#### [Saved data entries]
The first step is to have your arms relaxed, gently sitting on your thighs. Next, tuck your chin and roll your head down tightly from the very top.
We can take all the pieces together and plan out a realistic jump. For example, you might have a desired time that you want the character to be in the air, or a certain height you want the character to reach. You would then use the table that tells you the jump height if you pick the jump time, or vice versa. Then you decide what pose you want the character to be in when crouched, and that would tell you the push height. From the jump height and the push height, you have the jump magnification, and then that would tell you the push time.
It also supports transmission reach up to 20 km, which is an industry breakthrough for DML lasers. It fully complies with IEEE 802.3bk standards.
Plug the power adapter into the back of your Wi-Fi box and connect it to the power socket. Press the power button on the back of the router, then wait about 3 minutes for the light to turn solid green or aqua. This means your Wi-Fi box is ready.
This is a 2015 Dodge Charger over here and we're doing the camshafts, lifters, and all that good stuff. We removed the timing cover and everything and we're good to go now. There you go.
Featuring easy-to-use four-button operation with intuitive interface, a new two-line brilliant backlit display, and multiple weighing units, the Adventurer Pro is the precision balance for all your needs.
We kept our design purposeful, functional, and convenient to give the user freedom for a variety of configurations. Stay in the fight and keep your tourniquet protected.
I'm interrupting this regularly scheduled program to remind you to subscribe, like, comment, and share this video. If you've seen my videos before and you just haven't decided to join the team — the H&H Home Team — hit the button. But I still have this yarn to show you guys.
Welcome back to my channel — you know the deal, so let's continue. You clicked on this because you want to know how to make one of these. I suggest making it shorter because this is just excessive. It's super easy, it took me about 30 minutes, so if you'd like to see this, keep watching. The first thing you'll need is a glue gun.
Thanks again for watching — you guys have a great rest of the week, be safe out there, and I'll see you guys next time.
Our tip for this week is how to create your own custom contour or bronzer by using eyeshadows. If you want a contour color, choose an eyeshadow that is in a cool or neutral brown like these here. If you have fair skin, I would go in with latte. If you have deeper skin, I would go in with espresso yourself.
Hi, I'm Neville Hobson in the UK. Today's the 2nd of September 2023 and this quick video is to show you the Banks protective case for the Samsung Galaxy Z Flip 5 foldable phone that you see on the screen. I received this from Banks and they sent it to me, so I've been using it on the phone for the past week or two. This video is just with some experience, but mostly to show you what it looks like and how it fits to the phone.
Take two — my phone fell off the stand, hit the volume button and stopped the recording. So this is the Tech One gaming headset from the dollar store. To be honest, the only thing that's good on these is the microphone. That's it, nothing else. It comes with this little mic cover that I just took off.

#### [Work instructions]
Return each line of the data above verbatim.

#### [Response]
The first step is to have your arms relaxed, gently sitting on your thighs. Next, tuck your chin and roll your head down tightly from the very top.
We can take all the pieces together and plan out a realistic jump. For example, you might have a desired time that you want the character to be in the air, or a certain height you want the character to reach. You would then use the table that tells you the jump height if you pick the jump time, or vice versa. Then you decide what pose you want the character to be in when crouched, and that would tell you the push height. From the jump height and the push height, you have the jump magnification, and then that would tell you the push time.
It also supports transmission reach up to 20 km, which is an industry breakthrough for DML lasers. It fully complies with IEEE 802.3bk standards.
Plug the power adapter into the back of your Wi-Fi box and connect it to the power socket. Press the power button on the back of the router, then wait about 3 minutes for the light to turn solid green or aqua. This means your Wi-Fi box is ready.
This is a 2015 Dodge Charger over here and we're doing the camshafts, lifters, and all that good stuff. We removed the timing cover and everything and we're good to go now. There you go.
Featuring easy-to-use four-button operation with intuitive interface, a new two-line brilliant backlit display, and multiple weighing units, the Adventurer Pro is the precision balance for all your needs.
We kept our design purposeful, functional, and convenient to give the user freedom for a variety of configurations. Stay in the fight and keep your tourniquet protected.
I'm interrupting this regularly scheduled program to remind you to subscribe, like, comment, and share this video. If you've seen my videos before and you just haven't decided to join the team — the H&H Home Team — hit the button. But I still have this yarn to show you guys.
Welcome back to my channel — you know the deal, so let's continue. You clicked on this because you want to know how to make one of these. I suggest making it shorter because this is just excessive. It's super easy, it took me about 30 minutes, so if you'd like to see this, keep watching. The first thing you'll need is a glue gun.
Thanks again for watching — you guys have a great rest of the week, be safe out there, and I'll see you guys next time.
Our tip for this week is how to create your own custom contour or bronzer by using eyeshadows. If you want a contour color, choose an eyeshadow that is in a cool or neutral brown like these here. If you have fair skin, I would go in with latte. If you have deeper skin, I would go in with espresso yourself.
Hi, I'm Neville Hobson in the UK. Today's the 2nd of September 2023 and this quick video is to show you the Banks protective case for the Samsung Galaxy Z Flip 5 foldable phone that you see on the screen. I received this from Banks and they sent it to me, so I've been using it on the phone for the past week or two. This video is just with some experience, but mostly to show you what it looks like and how it fits to the phone.
Take two — my phone fell off the stand, hit the volume button and stopped the recording. So this is the Tech One gaming headset from the dollar store. To be honest, the only thing that's good on these is the microphone. That's it, nothing else. It comes with this little mic cover that I just took off.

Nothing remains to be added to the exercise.